Over the years, healthcare has evolved, and the trend is not expected to stop anytime soon. Modern-day physicians look to concentrate more on the patient’s care and satisfaction. People are looking for better care and holistic approaches to treatment, and the popularity of integrative and functional medicine is expected to grow even more in the coming years.
What to Expect
During your first visit to a functional or integrative medical practitioner, you should expect to provide a comprehensive set of information on the items below.
- Lifestyle audit – Diet, work-life, activity levels, stressors, and hobbies
- Genetics – Family history of mental and physical condition
- Environment – Possible exposure to allergens and toxins
In both functional and integrative treatment, the physician will perform a well-outlined procedure to help them understand your health.
The physician will review your health history and perform a physical exam through a lab test. Afterward, they will introduce you to a good diet program then discuss your overall treatment and follow-up care plan.

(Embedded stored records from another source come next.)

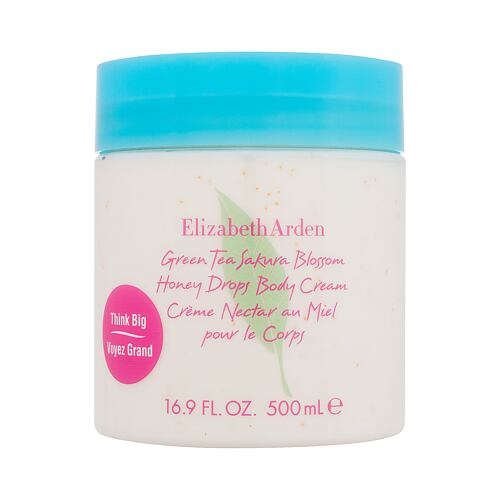 Tělový krém Elizabeth Arden Green Tea Sakura Blossom Honey Drops Body Cream 500 ml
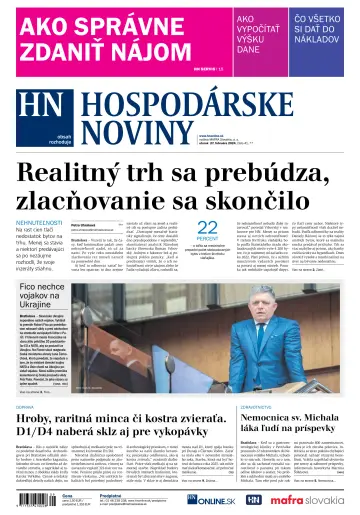 Hospodárske noviny - 27 Feb 2024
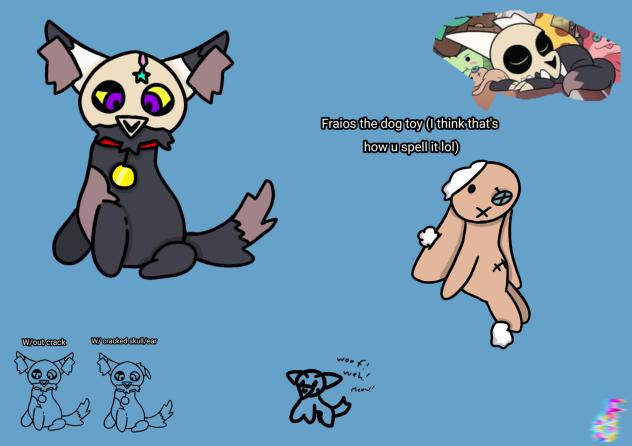 King as a full cat-dog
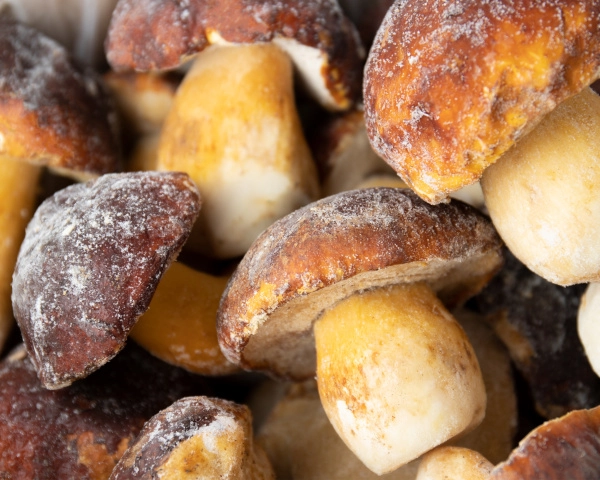 Гриб белый 9-12 см. 1 кг. П/П пакет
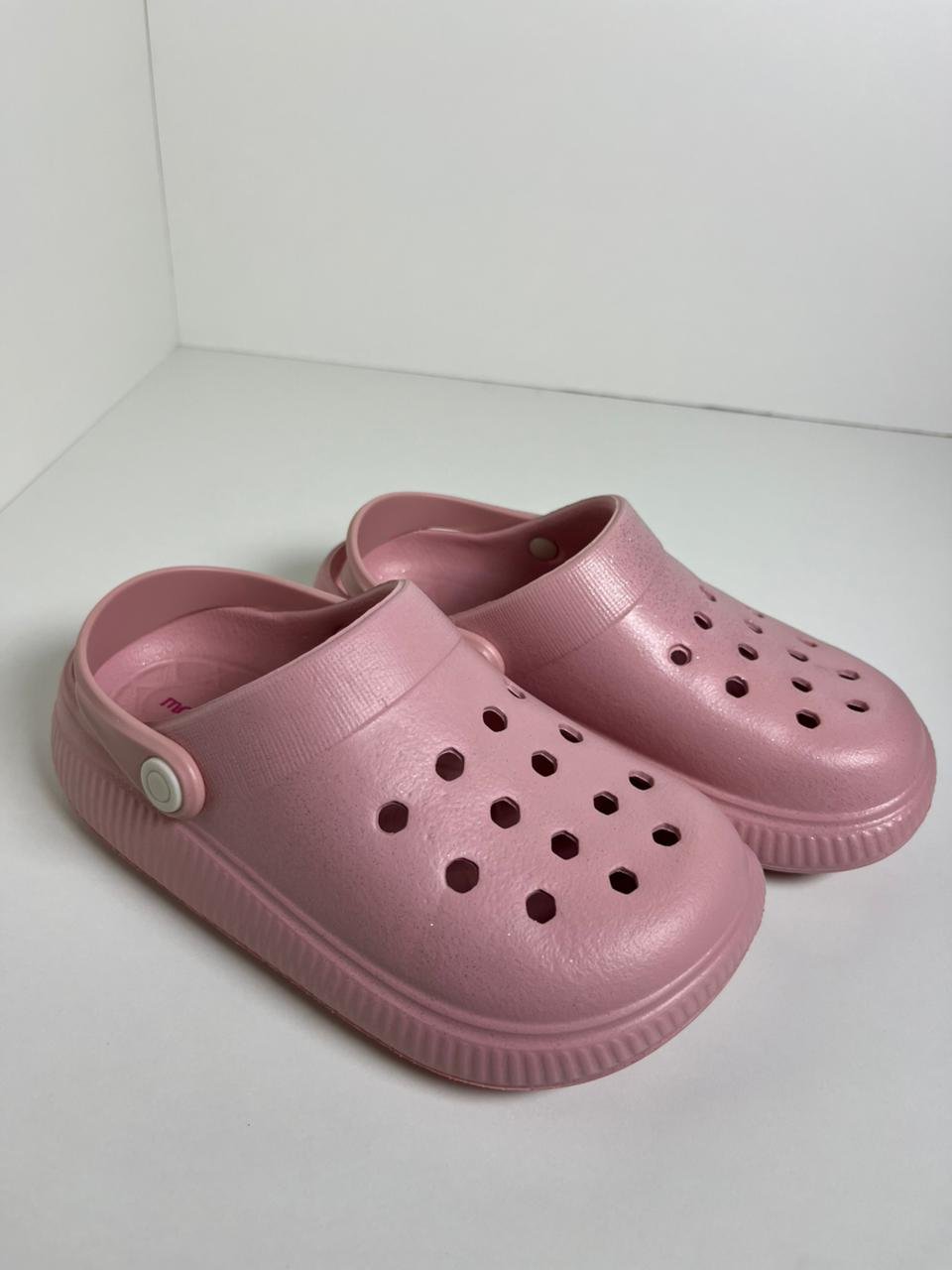 Croc Infantil Molequinha Rosa - Imagem 2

While attaining perfect health with zero absolute chance of getting a condition is the goal for everyone, achieving such is practically impossible. The ultimate goal of both functional and integrative practitioners is to minimize the occurrence of pathological conditions.
Functional and integrative treatment aspects are a huge milestone and are designed to improve an individual’s health with a condition. Both are equally important and need to be applied more often to improve your overall well-being.